South Sudan starves as aid agencies fail to deliver

Only 30% of the annual target has been reached so far, more than half-way through the year, a UN official in Khartoum has warned.
2 min read
25 July, 2017
A woman receiving treatment for a gunshot wound in South Sudan [AFP]
South Sudan is running out of emergency humanitarian supplies, as the international community is failing to meet the fundraising target required for 2017.

Only 30 percent of the annual target has been reached so far, more than half-way through the year, a UN official in Khartoum has warned.

"The shortfall is 70 percent and we are already in the middle of the year," said Arnauld Akodjenou, Regional Refugee Coordinator for South Sudan.

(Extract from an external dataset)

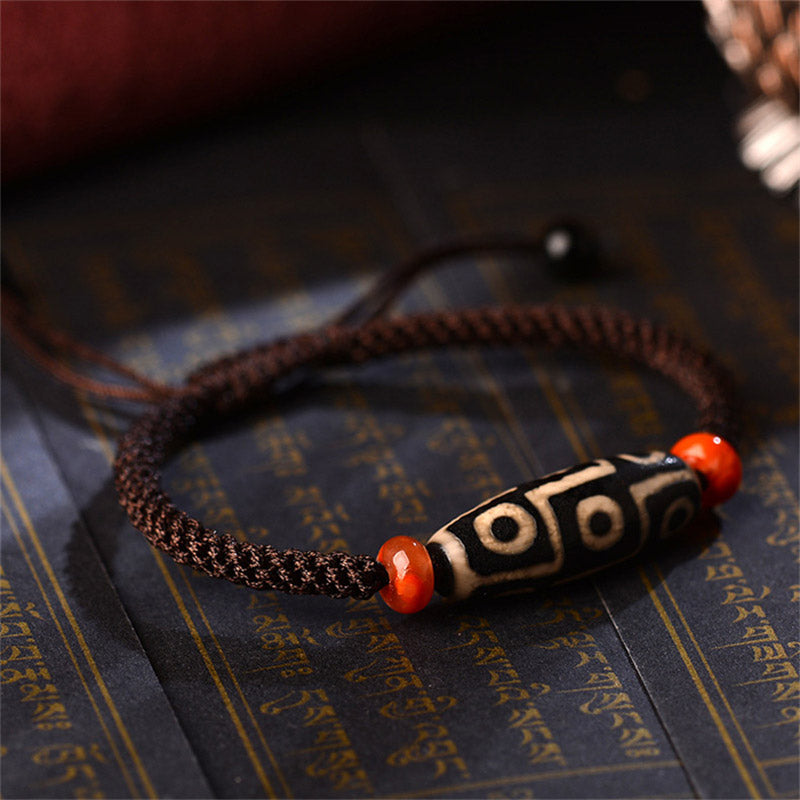 Dzi-Perle Neun Augen Armband mit roten Achatsteinen auf Buch, braunes Geflecht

“We have the facility to help and provide food but the level of food is so low that we cannot.”

Oxfam International's executive director Winnie Byanyima said in May that a huge funding shortfall for relief efforts was threatening lives.

"The need is huge, the gap is huge," Byanyima said. "It needs to be filled urgently. When people die in a famine it's a sign of failure because you can prevent it if you act early enough."

In February, South Sudan and the United Nations formally declared a famine in some parts of the northern Greater Unity region affecting 100,000 people, a disaster UN officials said was "man-made" and could have been averted.

This is largely the result of civil war that erupted in December 2013 when a power struggle erupted between President Salva Kiir and his former deputy Riek Machar. Tens of thousands died and more than 3.5 million have been displaced.

The UN's agencies for refugees (UNHCR) and children's welfare (UNICEF) reported earlier this year that the number of children who had fled the country exceeded the one million mark for the first time.

On July 8, the US announced an additional $466 million in aid for countries suffering from famine, bringing its total aid budget to $1.4 billion.

The UN made an appeal earlier this year for $4.4 billion to address the global crisis, but as of the end of May, it was only 30 percent funded.